Re: Enjoy the rampant rule breaking this will allow
There is no need for the banks to do anything. Following the HSBC affair (money laundering for drugs dealers etc) Cameron has effectively agreed that the Big Banks are not only Too Big To Fail they are also Too Big To Jail. The Big Banks are now actually above the law.
http://neweconomicperspectives.org/2012/12/the-second-great-betrayal-obama-and-cameron-decide-that-banks-are-above-the-law.html
Re: Enjoy the rampant rule breaking this will allow
>Unlike the good old, traditional Post Office service
The point is that the banks log all the emails/web and phone calls their dealers make.
With this you will have two phones on your desk an official one with the deals that lost money and a PAYG phone topped up with cash for all the deals to your freinds that made money.
This way we won't need another of those expensive inquiries into rigging the LIBOR.
Dunno, Ray.
I do know this. I pull my fondeslab (Or N8) out of my 'man-bag', pocket, whatever I have when I'm in the city/ on the bus/at home. Connects instantly to Oulu's free, as-much-as-you-can-eat internet service, browse what I like! Do anything. If I want to download a sick video, or some pr0n, whatever, no restriction. For free!!

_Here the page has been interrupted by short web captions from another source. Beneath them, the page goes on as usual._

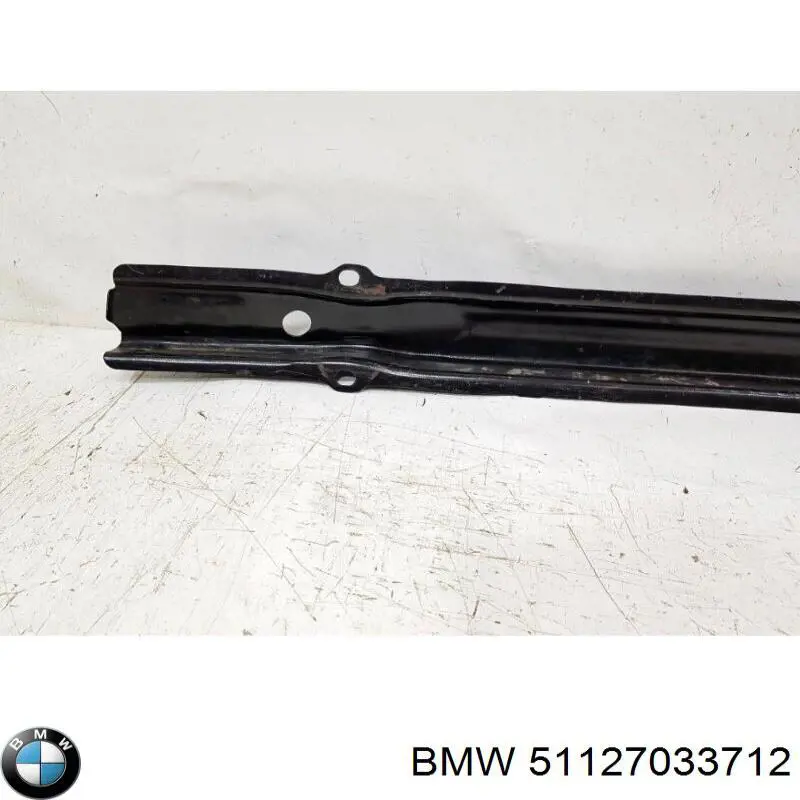 Refuerzo parachoque trasero BMW 51127033712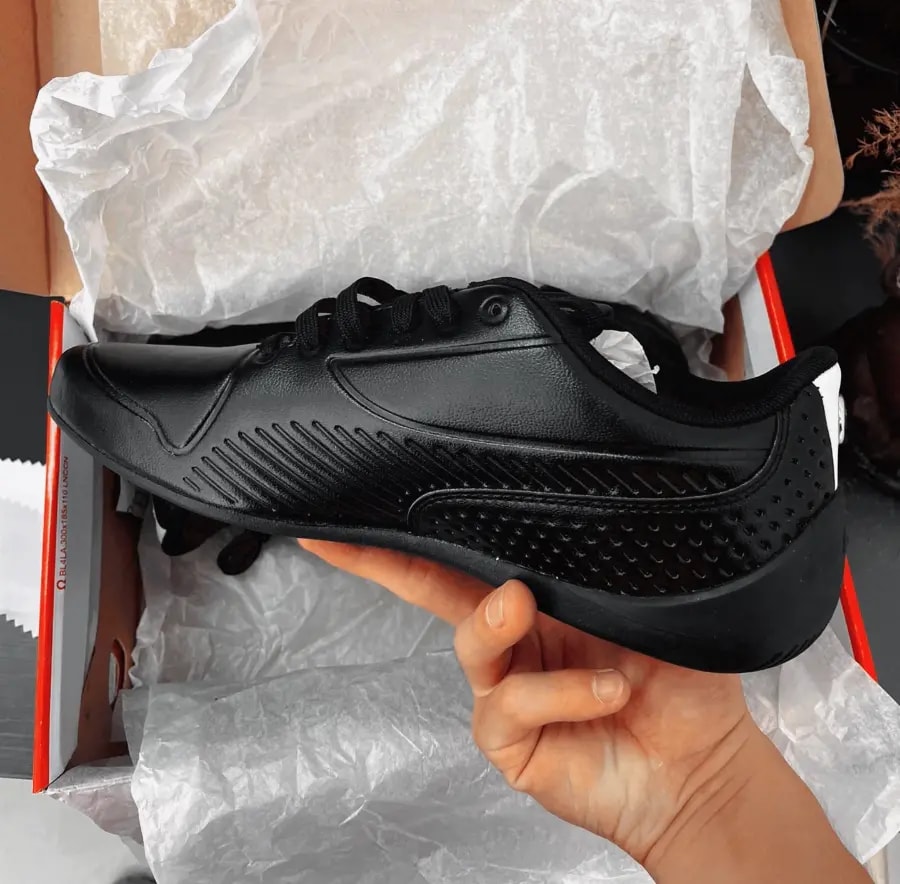 Giày Puma Drift Cat 7s BMW 'Black' 306423-03 — ảnh 3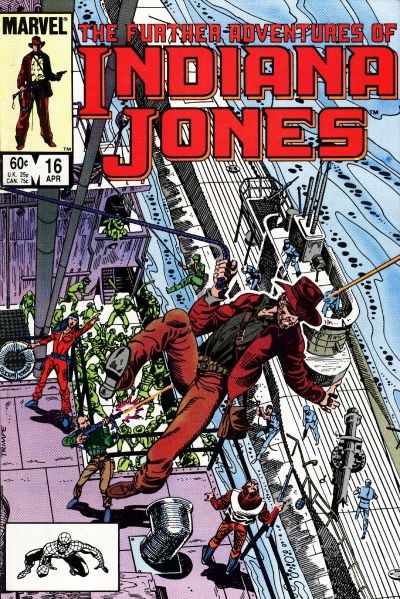 THE FURTHER ADVENTURES OF INDIANA JONES #16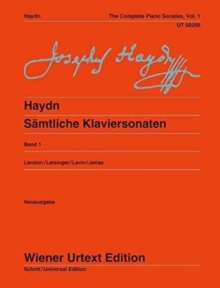 Image for Joseph Haydn  : Sèamtliche KlaviersonatenBand 1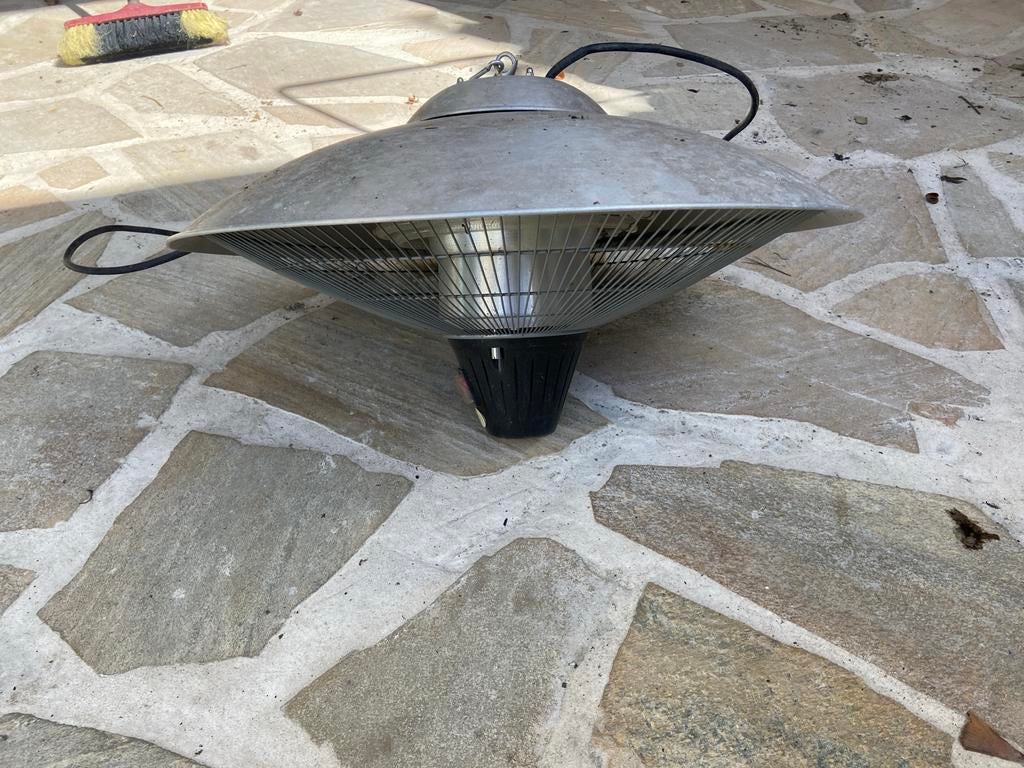Sunred terrasverwarmer, Tuin en Terras, Plafond, Gebruikt, Waterbestendig, Ophalen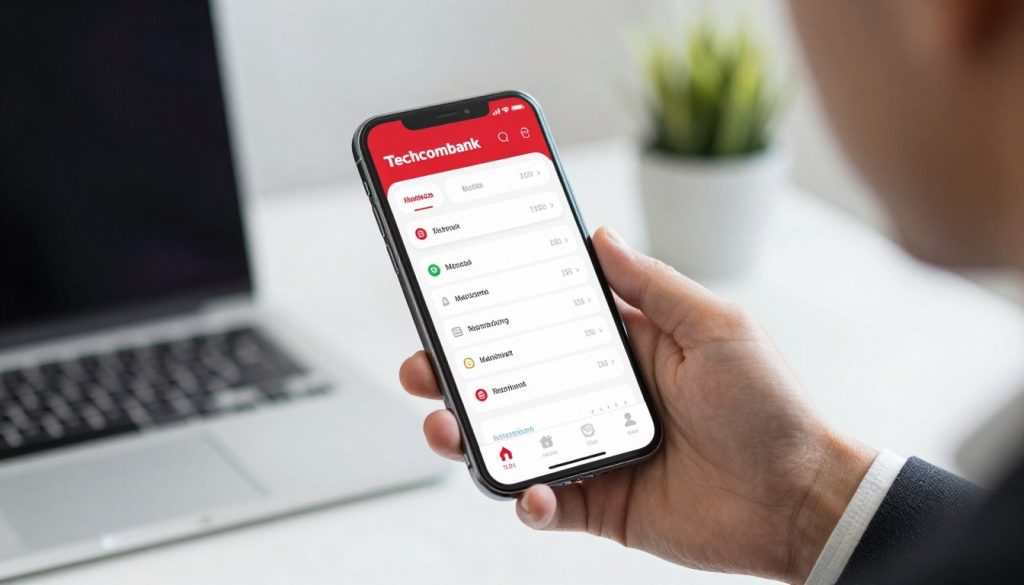 Techcombank Mobile ngân hàng số Techcombank Mobile ngân hàng số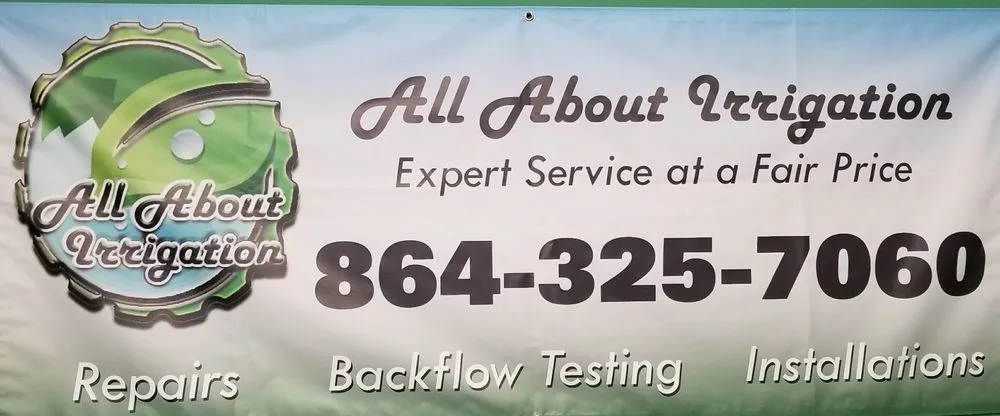 Slide of All About Irrigation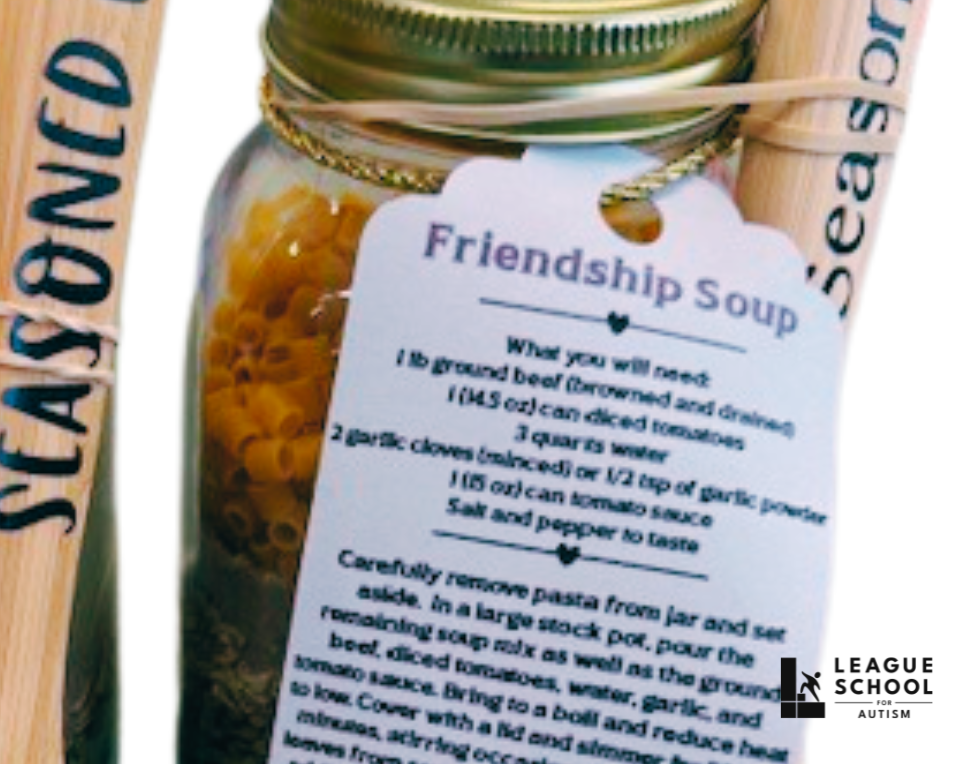 Friendship Soup Jar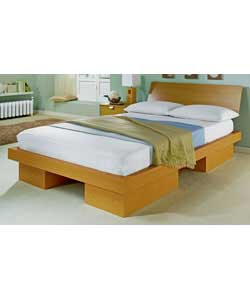 Unbranded Harley Double Bedstead with Sprung Mattress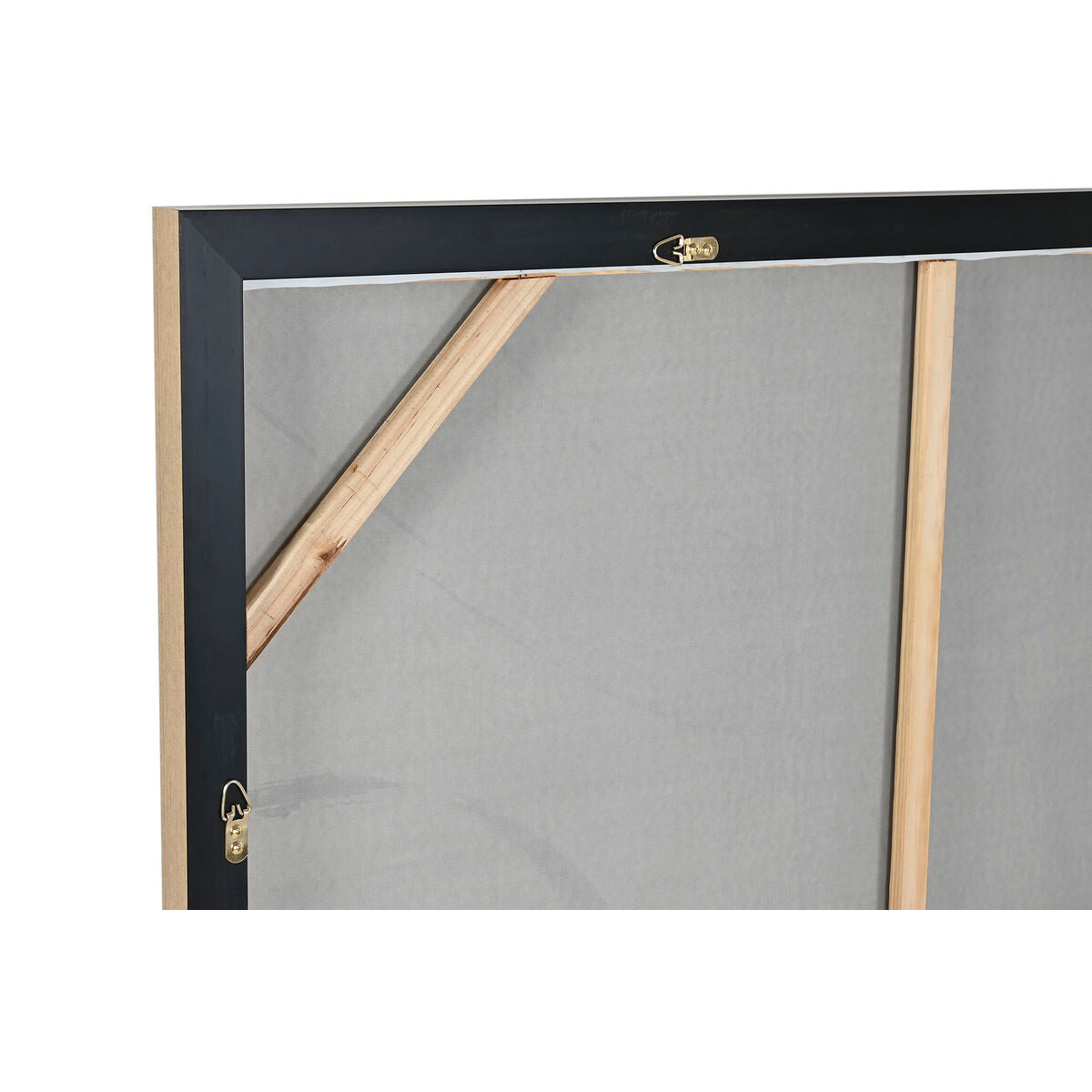 Tavla Home ESPRIT Blå Vit Abstrakt Modern 131 x 3,8 x 131 cm finns hos Nordekko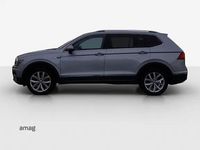 Gebraucht VW Tiguan Allspace Highline 190 PS (139 kW) 2020 Pyrit silber metallic SUV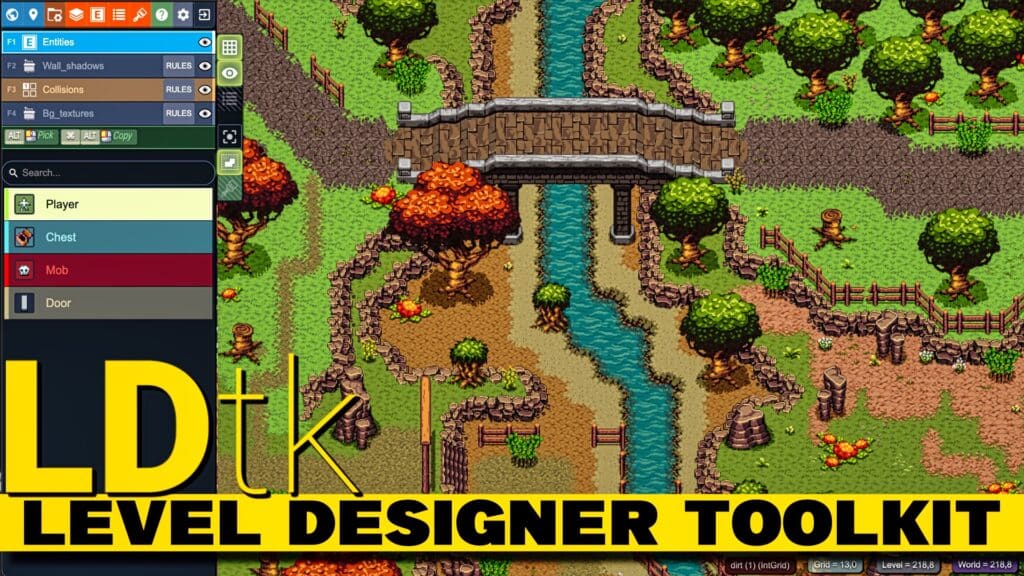 LDTK Level Designer Toolkit 2023 Review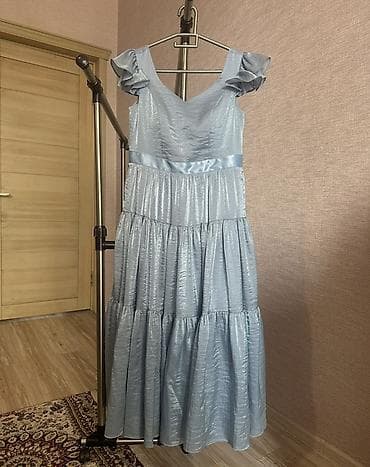 Вечернее платье, Классическое, Длинная модель, Без рукавов, Корсет, S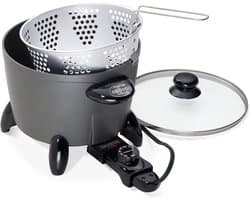 Multicooker en Elektrische Stoompan met 5,7 Liter Capaciteit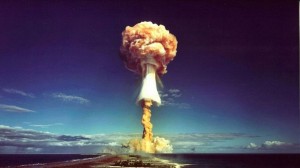 Создать мем: атомная бомба, ядерный взрыв, мирные ядерные взрывы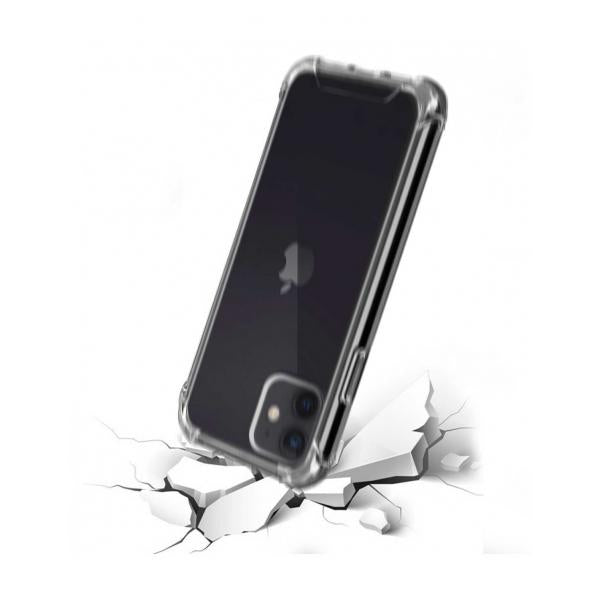 Akashi Funda Trasera Silicona Transparente / Apple Iphone 12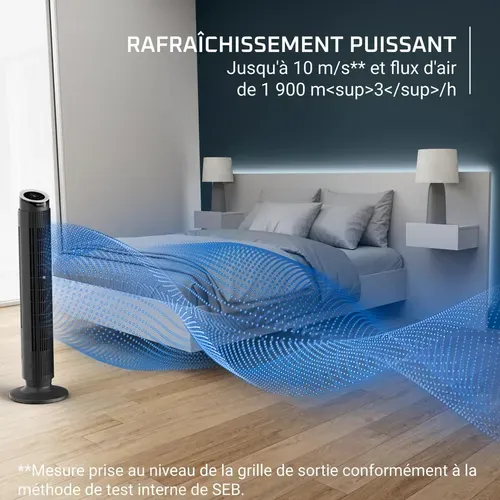 VENTILATEUR COLONNE ROWENTA VU7020F0 vue d'ambiance 1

Is Britain somewhat retarded???
Re: Dunno, Ray.
Depends what you keep in it.
My bag holds a pair of large 'uns innit.
Re: Dunno, Ray.
Things change....
When I was at school, it was called a satchel. When I travelled, as a teenager, it was called a rucksack. Then when I got older, it was a briefcase. Later, it was an overhead travel-bag. Now, it's a man-bag. Women call theirs a handbag (Dame Thatcher's was strong enough to carry a brick, it was rumoured), but I'm not carrying one of those on any train ("The line is immaterial, Mr. Worthing!! ,as Lady Bracknell might ejaculate)
SFR in France have sim based authentication to wifi, it tries to off load the 3g data onto wifi that you are automatically logged into. However the surfing speed of this shared wifi is slower than 3g.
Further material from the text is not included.